他嗤笑一声,松快了一下紧绷的身体,以一个舒服的姿势酣然入睡了。
睡了那么久,竟还能睡着,而且一觉到天亮。
一觉醒来,接到的就是宁王薨逝的噩耗。宁王是真死了,一早噩耗就传达给了各地府衙,世子况容生不见人死不见尸,迫于无奈,王府只好向外公布消息说宁王殿下的不孝之子况容懦弱胆小,害怕蛮人攻上城池,在新婚之夜带着安宁公主跑了,宁王殿下闻听此消息,气急呕血,一口气没上来咯嘣卒了。
巫州百姓信以为真,大骂况容丢尽了巫州人的脸,然后铺开十里长街送宁王英魂入土为安。
除了况容以外,还有个况宝。
“跑”一个公子就够了,动静太大必然举国震惊,所以“况宝”在宁王发完丧之后就去了边城掎角之地督促战事,可究竟在哪座城里,谁都不知道,百官猜测纷纷,怀疑是况宏为了接下大位对他的那位弟弟做了手脚,故意把三公子调出去,可事到如今,所有的事都已经板上钉钉,再怀疑也没什么办法了,因为他们发现先王妃赵香茵已经不再垂帘听政了。
况宏一纸奏疏上达天听,奏疏里却是另一番说辞——世子况容在和公主的新婚之夜被蛮人潜入府邸的细作刺杀,为了保护公子,世子死了。
安宁公主自然懂得其中利害关系,咬住牙说她的未婚夫就是在新婚之夜被蛮人害死,宁王府是怕她出事才派人把她送回京城,请求陛下为她做主,为巫州百姓做主。
面子里子都在,这件事好歹是不了了之的过去了,老皇帝为了表示宁王府为战事做出的贡献,特意赏赐了宁王府,允宁王长子况宏袭承爵位,依旧为宁王。
机关算尽的赵香茵则彻底疯了,有一次梅十一去看她,她披头散发地逮着梅十一的衣领,大骂他是衣冠禽兽、猪狗不如。
梅十一还是心疼他这个“姨娘”的,认真地给他姨娘梳了梳头,望着她镜子里荣光不复的倩影,说:“瞧,漂亮吧?好好做个王太后不好吗?”
是啊,都是儿子,无论是谁当上巫州之主,她都是不折不扣的王太后,有什么好争的?
那一刻赵香茵似乎是清醒过来了,紧紧拉着梅十一的手:“我让你哥哥把王位传给你,好不好?”
她不知把梅十一当成谁了。
“不会有那么一天了。”梅十一爱惜地抚摸着赵香茵的长发,“我不会让我哥哥生下大梁皇帝的血脉的。”
赵香茵愣了一下。
“好好做个王妃不好吗?”临走时,梅十一又叹息着自言自语了一句,像是讽刺,又像无奈。
赵香茵一辈子要强,不肯吃亏,想尽了一切办法想把她的儿子推上领主之位,然后让他的儿子在走之前把王位传给另一个。
一辈子算计的太多,忘了给自己谋划个好的出路。
蛮人虽然被驱逐出了巫州城,然势力在,战事依旧刻不容缓,偌大的巫州城,竟然挑不出一个镇守一方之将,大概也是这个原因,况宏对梅十一格外客气,强行写信给穆王,要把梅十一留在巫州。

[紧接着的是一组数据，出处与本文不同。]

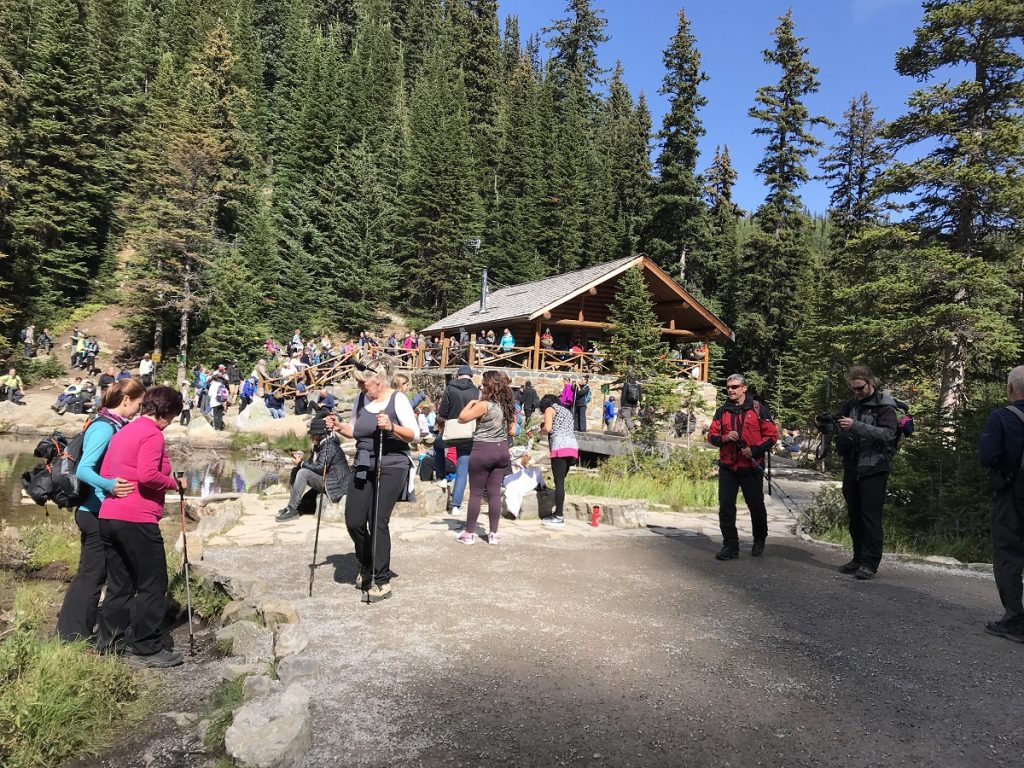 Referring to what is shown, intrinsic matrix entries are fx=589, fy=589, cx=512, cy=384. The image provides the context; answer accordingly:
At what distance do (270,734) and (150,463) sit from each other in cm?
188

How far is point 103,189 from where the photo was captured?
32094 millimetres

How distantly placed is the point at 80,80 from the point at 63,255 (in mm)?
9185

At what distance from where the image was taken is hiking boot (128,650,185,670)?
351 cm

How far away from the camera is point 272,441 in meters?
18.5

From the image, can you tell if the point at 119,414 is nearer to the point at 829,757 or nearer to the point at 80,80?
the point at 829,757

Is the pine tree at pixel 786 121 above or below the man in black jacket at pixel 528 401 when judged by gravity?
above

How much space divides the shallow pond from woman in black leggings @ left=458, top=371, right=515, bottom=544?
4787mm

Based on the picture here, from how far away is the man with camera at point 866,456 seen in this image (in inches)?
196

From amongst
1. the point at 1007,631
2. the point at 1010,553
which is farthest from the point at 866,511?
the point at 1007,631

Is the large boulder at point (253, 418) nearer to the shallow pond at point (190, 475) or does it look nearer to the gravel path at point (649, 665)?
the shallow pond at point (190, 475)

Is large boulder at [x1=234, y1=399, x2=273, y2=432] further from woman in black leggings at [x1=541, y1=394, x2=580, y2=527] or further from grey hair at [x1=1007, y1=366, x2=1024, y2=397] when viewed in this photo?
grey hair at [x1=1007, y1=366, x2=1024, y2=397]

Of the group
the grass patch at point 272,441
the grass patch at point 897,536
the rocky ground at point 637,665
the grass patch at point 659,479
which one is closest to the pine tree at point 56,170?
the grass patch at point 272,441

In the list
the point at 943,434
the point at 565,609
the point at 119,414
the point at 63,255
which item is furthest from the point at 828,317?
the point at 63,255

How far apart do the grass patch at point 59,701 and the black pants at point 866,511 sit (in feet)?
17.8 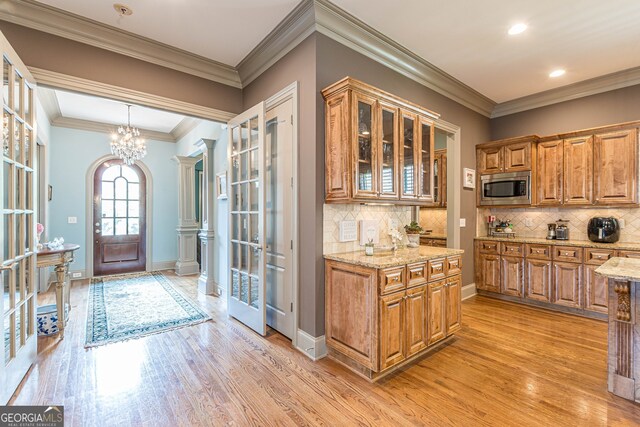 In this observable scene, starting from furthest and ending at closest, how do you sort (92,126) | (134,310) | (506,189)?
1. (92,126)
2. (506,189)
3. (134,310)

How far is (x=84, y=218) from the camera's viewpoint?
19.5ft

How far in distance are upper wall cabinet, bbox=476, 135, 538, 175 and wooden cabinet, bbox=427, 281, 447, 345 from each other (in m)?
2.78

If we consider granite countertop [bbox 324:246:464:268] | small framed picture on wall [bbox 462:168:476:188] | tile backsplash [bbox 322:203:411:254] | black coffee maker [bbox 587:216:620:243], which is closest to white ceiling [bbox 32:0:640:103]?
small framed picture on wall [bbox 462:168:476:188]

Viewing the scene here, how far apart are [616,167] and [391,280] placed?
145 inches

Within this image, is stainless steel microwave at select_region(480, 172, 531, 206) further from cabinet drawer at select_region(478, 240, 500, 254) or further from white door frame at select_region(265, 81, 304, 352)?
white door frame at select_region(265, 81, 304, 352)

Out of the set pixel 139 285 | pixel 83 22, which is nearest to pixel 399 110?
pixel 83 22

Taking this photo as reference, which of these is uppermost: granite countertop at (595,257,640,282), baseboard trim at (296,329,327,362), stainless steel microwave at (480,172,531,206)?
stainless steel microwave at (480,172,531,206)

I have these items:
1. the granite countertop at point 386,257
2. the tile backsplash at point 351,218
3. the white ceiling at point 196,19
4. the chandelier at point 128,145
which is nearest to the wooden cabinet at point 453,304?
the granite countertop at point 386,257

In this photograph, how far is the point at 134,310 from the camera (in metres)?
4.00

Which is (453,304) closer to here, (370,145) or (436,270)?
(436,270)

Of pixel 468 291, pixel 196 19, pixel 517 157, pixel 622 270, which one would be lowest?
pixel 468 291

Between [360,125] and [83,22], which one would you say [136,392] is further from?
[83,22]

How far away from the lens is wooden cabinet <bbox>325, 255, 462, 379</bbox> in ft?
7.54

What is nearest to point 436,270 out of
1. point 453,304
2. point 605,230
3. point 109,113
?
point 453,304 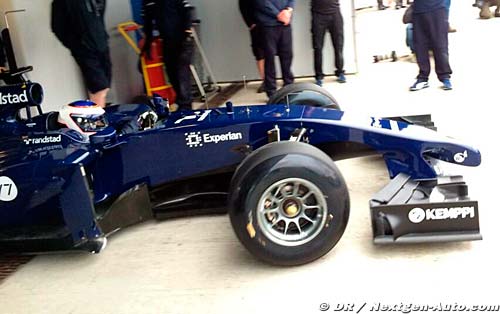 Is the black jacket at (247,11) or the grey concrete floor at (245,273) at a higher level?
the black jacket at (247,11)

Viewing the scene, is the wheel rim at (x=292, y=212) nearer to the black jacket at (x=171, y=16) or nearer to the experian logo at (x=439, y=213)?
the experian logo at (x=439, y=213)

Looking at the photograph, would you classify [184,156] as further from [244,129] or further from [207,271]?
[207,271]

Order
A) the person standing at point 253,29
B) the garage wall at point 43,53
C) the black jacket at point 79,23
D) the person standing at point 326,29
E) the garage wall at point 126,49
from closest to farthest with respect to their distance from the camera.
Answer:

上元之夜,梅十一出城一趟,他篡夺宁王的权位,更怕别人篡夺了他的位置,因此没敢在外多逗留,回来之后便着巫州的文武百官们展开连夜的商讨,由徐松年守巫州,洛原出征讨蛮人,等到二月初二龙抬头之日,便令大军开拔远征。
也不知道为什么,自正月十五出城那一趟回来之后,梅十一的心情就特别不好,一连好多天阴阴沉沉,心不在焉,还带回了个年轻男人回来,虽然谢云珩单方面的认为,这都是因为洛大将军要出兵远征了,世子爷舍不得的缘故,却着实无法解释梅十一身边的那个少年郎是怎么回事。
这个少年长得实在是太像柳宓筠了。
梅十一上身微倾,一手举着丹笔,一手捏着少年的下巴,在佟郎双眉之间点了了个胭脂,又仔细地瞧了瞧,脸上浮现出满意的笑容:“好看,抬头红,光鲜照人,满堂添彩。”
谢云珩:“……”
佟郎兴高采烈地举起铜镜照了照,妙目微微盼了盼梅十一,低下头微笑:“殿下给我画了红,我以后就不洗脸了。”
谢云珩干瞪着瞧得目瞪口呆,好一会儿才反应过来,蹭到梅十一身边,不由自主地压低了声音:“新欢?”
梅十一白了他一眼:“你怎么好奇心这么重?你不是想云游四海吗?怎么还不走?”
谢云珩叹道:“舍不得你。”
梅十一:“有劳小君惦记,本君有夫了。”
不可否认,佟郎确实是姝丽,给人一种格外干净、格外利索、格外精神的感觉,就连他待的这间屋子,都格外亮堂了几分。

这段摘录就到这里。